When the demands of daily life get to be a little much sometimes all it takes is a brisk walk outside to simmer down and release some excess tension. The smell of fresh air and the subtle sounds of nature have the unique ability to cleanse our thoughts and help us escape.
With more research into our connection with nature, science is always there to remind us that not only is spending time in nature a perfect way to unwind but is also an essential component to our mental health.
Attention Restoration Theory
ART is based on the idea that people can concentrate better after spending time in nature. The theory was developed by Rachel and Stephen Kaplan in the 1980’s and is the basis of their book The Experience of Nature: A Psychological Perspective.

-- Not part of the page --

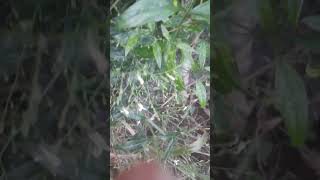 King Of Bitters Plant serpentinaherbaltea herbalplants naturalremedy shortvideo shorts short [upl. by Neema]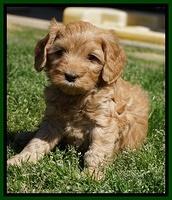 Millie Blaze pups 6 wks old311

The core principle of this theory stems from past research showing the various states of attention:
- Directed Attention: Requires mental effort to avoid distraction.
- Directed Attention Fatigue: we become easily distracted, irritable, and impatient.

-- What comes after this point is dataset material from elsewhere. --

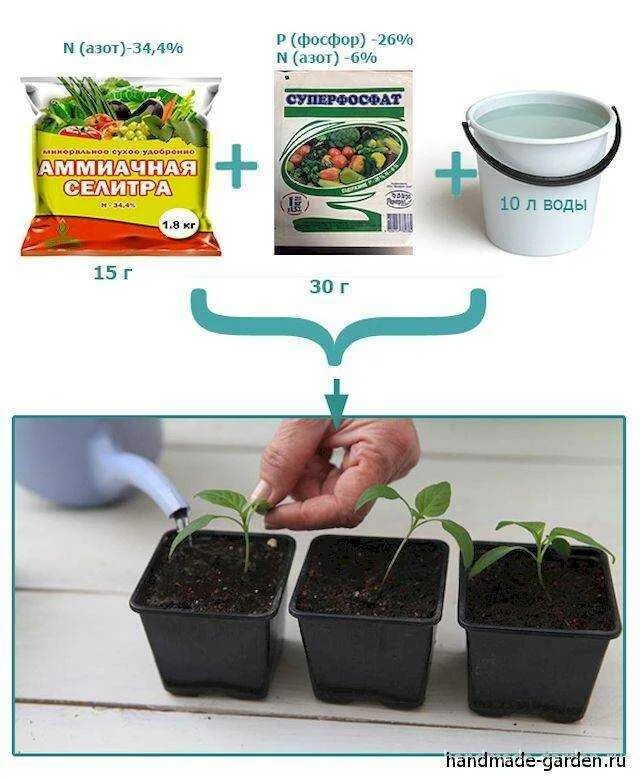 Подкормка рассады. Рассада удобрение для рассады. Удобрение для рассады перцев. Покромка перца рассады.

- Effortless Attention or Soft Fascination: The mind is able to apply focused attention with no effort. The focus of the mind is naturally drawn to the details of nature.

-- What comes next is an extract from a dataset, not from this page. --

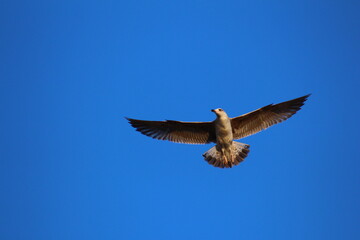 eagle in flight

- Restored Attention: Attention is restored by changing to a different kind of task that uses different parts of the brain.
Attention restoration theory explores how people exposed to urban environments are forced to use their attention to overcome the effects of constant stimulation. This induces cognitive fatigue.
“Directed attention fatigues people through overuse,” Stephen Kaplan explains. “If you can find an environment where the attention is automatic, you allow directed attention to rest. And that means an environment that’s strong on fascination.”
Mere Exposure to Restorative Environments
Studies have even shown that we don’t even need to be physically present in nature to experience these restorative effects. An influential experiment by Berto (2005) evaluated if contact with nature could restore attention after mental fatigue.
A task was administered that involved individuals sustaining attention and subsequently, participants were shown images of natural or urban environments or geometrical patterns and then assessed again on the sustained attention task (Berto, 2005).
The results revealed that viewing the nature photographs improved attention and exposure to photographs of city settings decreased attention.
Balance and Renewal
The harmonious relationship that we have with nature has always been a central feature in Chinese philosophy. Traditional mind-body training such as Tai-Chi, Qigong, and meditation are often done outdoors to emphasize our connection to this earth and to our source.
Modern meditation techniques such as integrative body-mind training have also been coupled with nature to help improve attention and the quality of meditation.
When we are exposed to nature, there is no need to sustain mental focus or strain. We are naturally drawn to a balanced state through what is referred to as ‘soft fascination’ — effortless focus while being immersed in nature. This is often accompanied by an increase in energy and a feeling of being away from obligation.
In nature, we tend to feel a sense of escape from stress, and a connectedness that helps promote an experience of healing. Nature’s frequency is aligned with the most central part of the mind, and even just a few minutes in nature is enough to remind us that it is time to renew our mental resources.